Les collectivités viennent de dépenser 5 millions pour élargir les ronds point de Pizançon, on prévoit encore 50 millions pour refaire un pont automobile entre Romans et Châteauneuf-sur-Isère : avec ça les collectivités aurez pu rénover l’hyper-centre de Romans qui tombe en ruine, où les commerces manquent de clients, ou bien greffer des balcons aux immeubles existant pour permettre aux habitants d’avoir des extérieurs confortables, relier Bourg de Péage à Romans avec une passerelle piéton et vélo pour changer des trottoirs de 50 cm de large, ou bien même construire 3 gymnases Vercors supplémentaires ou encore 10 Cités de la Musique…

Sur le pont neuf, des trottoirs étroits que se partagent cyclistes et piétons au milieu d’une circulation automobile dense et dangereuse

Mais comme on ne peut pas avoir fromage et dessert, les habitants devront se contenter des ronds points moches et des bouchons qui vont avec.

> L’artificialisation des sols assèche les nappes phréatiques

L’eau de pluie s’écoule directement dans les canalisation pour finir dans l’Isère, au lieu d’alimenter les nappes, et c’est de l’eau perdue pour l’été alors que l’agglomération était en alerte préfectorale sécheresse dès le mois de mars en cette année 2023 !

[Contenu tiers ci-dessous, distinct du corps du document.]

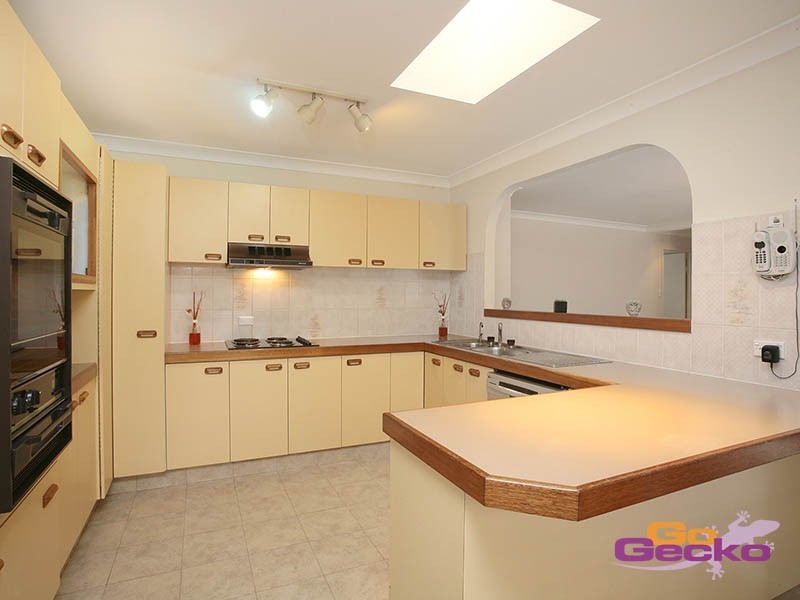 8 Stoddart Court, Carindale QLD 4152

Construction de nouvelles zones commerciales à Pizançon, juste au dessus de l’Isère, les surfaces commerciales existantes dans l’agglomération étant déjà par habitant parmi les plus élevées de France.

> L’artificialisation des sols menace la souveraineté alimentaire, d’ici et d’ailleurs, puisque de nombreuses régions du globe inhospitalières vont dépendre de plus en plus de l’aide alimentaire, sans quoi elles généreront des flux migratoires.

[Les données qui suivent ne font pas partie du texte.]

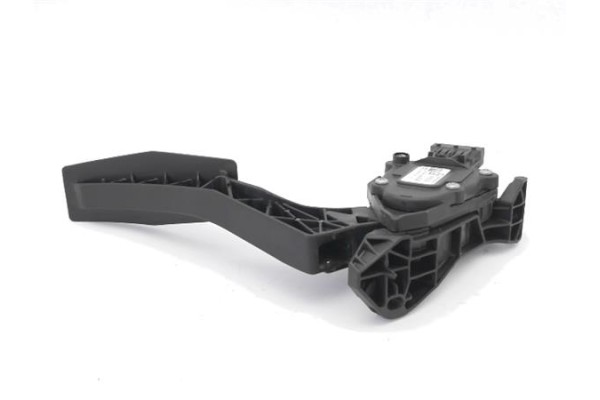 Recambio de pedal acelerador para opel astra j 1.7 cdti referencia OEM IAM 848040 13252702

De plus, avec l’explosion des prix des intrants agricoles, (eux aussi liés au prix des carburants), les agriculteurs vont avoir besoin de davantage de terre pour réduire la facture tout en maintenant la production. L’UE a d’ailleurs décidée de remettre en culture des terres en jachère.

Le moment est mal choisi de les détruire, surtout celles se trouvant à proximité des rivières, plus riches et plus facile à irriguer.